Paul’s confidence that his readers would one day stand without guilt before the Lord did not rest on the Corinthians’ ability to persevere faithfully to the end. It rested on God’s ability and promises to preserve them. God had begun the good work of calling them into fellowship with His Son, and He would complete that work (cf. Philippians 1:6; 1 John 1:1-4).

". . . God is the subject of all the actions of the thanksgiving. And in every case that work is mediated by or focused on ’his Son Jesus Christ our Lord.’ Thus the christological emphasis that began in the salutation is carried through in an even more emphatic way in this introductory thanksgiving. Everything God has done, and will do, for the Corinthians is done expressly in ’Jesus Christ our Lord.’

"His concern here is to redirect their focus-from themselves to God and Christ and from an over-realized eschatology to a healthy awareness of the glory that is still future." [Note: Fee, p. 46.]

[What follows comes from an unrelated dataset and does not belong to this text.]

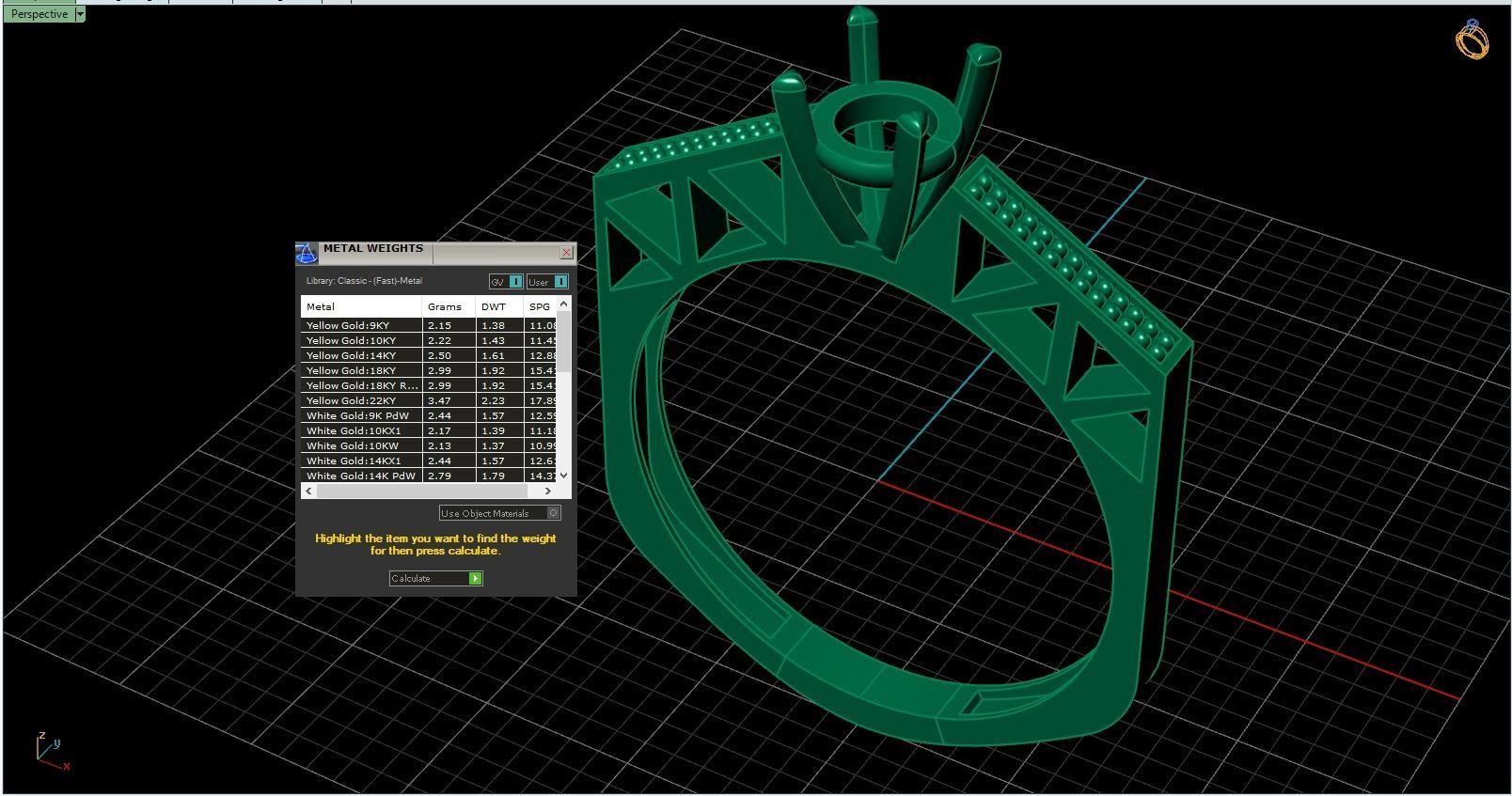 Solitaire ring 3D print model_4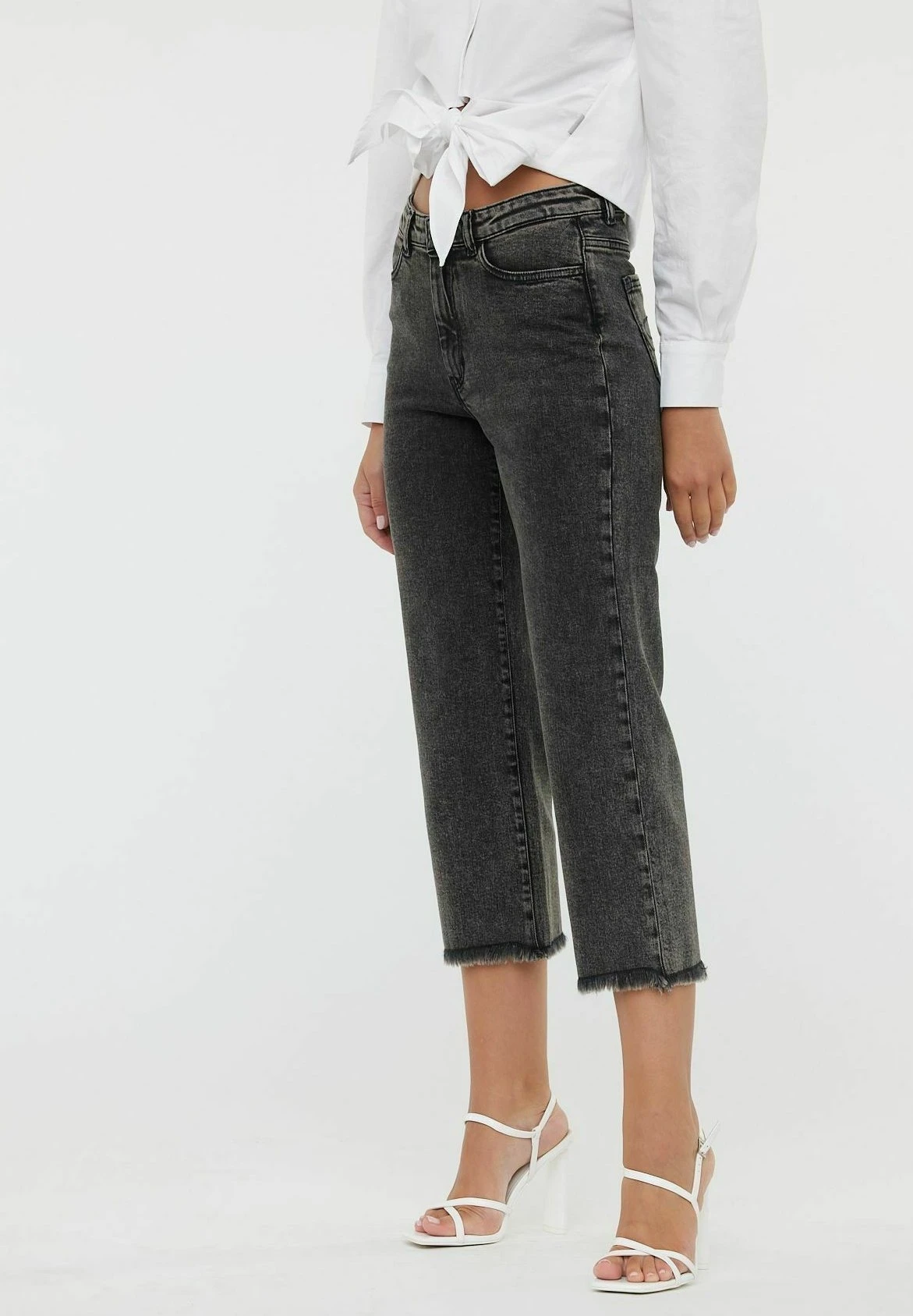 Lee Cooper Joopy - Straight Leg Jeans - Acid Black 4 Lee Cooper Joopy - Straight Leg Jeans - Acid Black - Afbeelding 4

An over-realized eschatology is an understanding of the future that stresses present realities to the exclusion of related future realities. For example, an over-realized view of the resurrection emphasizes the believer’s present spiritually resurrected condition to the exclusion of his or her future physical resurrection.

The apostle’s confidence in God as he expressed this in these verses (1 Corinthians 1:4-9) enabled him to deal with the problems in the Corinthian church optimistically and realistically. God was for the Corinthians. Now they needed to orient themselves properly toward Him.